⑨ サクションストレーナー / フィルタ
キャビテーションが生じないよう、ろ過容量はポンプ吐出量の1.5倍程度にします。
テストベンチのオイルタンク構造について
油圧機器(油圧ポンプ・シリンダー・各種バルブ等)を出荷する際のテストベンチのタンク構造は、cleanとdirtyを区別した構造にするのがポイントです。試運転の際に使用した作動油は汚れた状態でdirtyタンクに戻り、それをフィルタでキレイにしてからcleanタンクに戻すことで、効率の良い濾過と安定した清浄度を実現できます。
真のコンタミネーションコントロールに向けて
「発塵」には摩耗が起因しており、その摩耗の因子である固形微粒子をいかにシステム内に入れないようにするか、また入ってしまったら取り除くかという、対策は実にシンプルです。「持込・侵入」と同様、エアブリーザ・フィルタの使用が不可欠であることは、繰り返しお伝えさせて頂いた通りです。

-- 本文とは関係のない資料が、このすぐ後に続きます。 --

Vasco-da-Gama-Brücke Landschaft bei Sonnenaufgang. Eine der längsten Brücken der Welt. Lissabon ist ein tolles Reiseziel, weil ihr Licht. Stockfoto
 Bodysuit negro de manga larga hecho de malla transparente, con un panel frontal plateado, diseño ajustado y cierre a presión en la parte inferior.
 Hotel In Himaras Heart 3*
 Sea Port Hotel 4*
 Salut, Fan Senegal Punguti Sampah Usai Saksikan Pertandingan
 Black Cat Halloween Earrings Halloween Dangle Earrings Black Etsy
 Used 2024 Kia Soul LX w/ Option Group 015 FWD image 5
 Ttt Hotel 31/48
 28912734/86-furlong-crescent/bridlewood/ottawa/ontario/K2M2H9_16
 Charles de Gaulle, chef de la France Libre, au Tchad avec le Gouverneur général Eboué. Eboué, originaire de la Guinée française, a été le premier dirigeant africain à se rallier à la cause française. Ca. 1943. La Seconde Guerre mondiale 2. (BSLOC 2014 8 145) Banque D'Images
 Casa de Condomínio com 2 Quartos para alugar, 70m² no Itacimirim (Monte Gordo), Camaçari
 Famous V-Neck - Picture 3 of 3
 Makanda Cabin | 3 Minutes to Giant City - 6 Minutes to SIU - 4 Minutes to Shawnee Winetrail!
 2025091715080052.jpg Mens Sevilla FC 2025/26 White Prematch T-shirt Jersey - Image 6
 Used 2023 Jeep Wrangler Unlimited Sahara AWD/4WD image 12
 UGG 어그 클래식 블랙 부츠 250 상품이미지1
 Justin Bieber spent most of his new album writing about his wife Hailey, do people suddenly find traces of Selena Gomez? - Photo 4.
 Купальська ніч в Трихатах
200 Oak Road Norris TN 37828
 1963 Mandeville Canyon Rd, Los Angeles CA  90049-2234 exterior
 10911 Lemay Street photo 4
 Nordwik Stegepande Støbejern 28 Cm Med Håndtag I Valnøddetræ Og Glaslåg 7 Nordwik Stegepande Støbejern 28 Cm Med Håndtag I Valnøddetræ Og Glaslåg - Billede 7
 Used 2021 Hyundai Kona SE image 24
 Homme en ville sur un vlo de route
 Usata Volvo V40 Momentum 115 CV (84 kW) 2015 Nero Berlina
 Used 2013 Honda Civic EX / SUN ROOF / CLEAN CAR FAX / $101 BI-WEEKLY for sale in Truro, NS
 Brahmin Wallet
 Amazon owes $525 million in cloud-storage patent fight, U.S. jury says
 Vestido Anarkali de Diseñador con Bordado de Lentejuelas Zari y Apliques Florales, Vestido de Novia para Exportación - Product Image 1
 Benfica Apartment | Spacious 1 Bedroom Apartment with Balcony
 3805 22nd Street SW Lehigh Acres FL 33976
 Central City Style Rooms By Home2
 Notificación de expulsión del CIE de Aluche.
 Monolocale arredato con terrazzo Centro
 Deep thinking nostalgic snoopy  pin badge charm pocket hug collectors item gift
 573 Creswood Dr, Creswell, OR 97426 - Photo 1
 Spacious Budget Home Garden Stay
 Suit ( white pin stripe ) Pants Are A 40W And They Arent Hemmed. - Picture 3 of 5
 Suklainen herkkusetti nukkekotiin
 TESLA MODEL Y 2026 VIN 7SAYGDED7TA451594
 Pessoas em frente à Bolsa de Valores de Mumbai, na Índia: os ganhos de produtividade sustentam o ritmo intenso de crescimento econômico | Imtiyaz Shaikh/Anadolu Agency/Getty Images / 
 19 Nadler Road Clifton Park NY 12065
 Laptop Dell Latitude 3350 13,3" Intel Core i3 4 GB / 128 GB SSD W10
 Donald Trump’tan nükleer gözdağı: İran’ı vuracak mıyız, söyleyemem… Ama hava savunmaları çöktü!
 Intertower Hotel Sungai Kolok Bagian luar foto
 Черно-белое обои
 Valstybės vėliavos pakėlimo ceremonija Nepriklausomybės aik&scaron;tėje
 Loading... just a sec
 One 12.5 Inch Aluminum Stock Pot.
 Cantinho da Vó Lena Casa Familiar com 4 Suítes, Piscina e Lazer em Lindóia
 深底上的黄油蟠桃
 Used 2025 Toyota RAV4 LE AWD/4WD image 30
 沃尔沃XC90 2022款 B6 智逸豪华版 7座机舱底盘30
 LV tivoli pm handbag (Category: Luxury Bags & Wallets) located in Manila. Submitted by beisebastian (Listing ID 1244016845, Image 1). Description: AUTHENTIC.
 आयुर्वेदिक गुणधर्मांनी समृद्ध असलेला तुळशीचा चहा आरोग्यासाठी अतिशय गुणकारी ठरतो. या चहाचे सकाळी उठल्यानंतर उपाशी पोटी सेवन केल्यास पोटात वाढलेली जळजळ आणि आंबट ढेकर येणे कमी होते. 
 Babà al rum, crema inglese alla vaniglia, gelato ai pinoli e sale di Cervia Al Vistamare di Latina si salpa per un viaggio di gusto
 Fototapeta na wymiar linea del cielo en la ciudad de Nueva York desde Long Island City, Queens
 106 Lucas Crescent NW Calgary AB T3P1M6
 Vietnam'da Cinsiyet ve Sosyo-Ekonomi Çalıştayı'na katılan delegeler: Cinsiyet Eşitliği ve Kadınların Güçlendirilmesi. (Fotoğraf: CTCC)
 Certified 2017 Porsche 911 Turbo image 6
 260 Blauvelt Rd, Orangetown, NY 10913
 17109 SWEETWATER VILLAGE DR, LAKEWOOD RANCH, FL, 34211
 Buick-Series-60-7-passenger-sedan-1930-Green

機械トラブルの際にはオイルをキレイにすることだけに目が行きがちですが、潤滑管理をトータルで考えた場合、軽視しがちな「堆積」への対策も考慮しなくてはなりません。エアブリーザもフィルタも適切に使用しているのに、なかなか目標清浄度に届かない等の場合は、定期的にタンク清掃を実施したり、システムの回路を見直し改良すことで、良い兆候が見られるようになるかもしれません。
コンタミ混入経路を「持込・侵入・発塵・堆積」の4つに分類し、vol.4から今回に渡ってメカニズムとその回避方法について、ご説明してまいりました。
真のコンタミネーションコントロールの実現にあたり、問題点と現状を正確に把握すべくシステム全体を俯瞰して見直し、潤滑管理にお役立てください。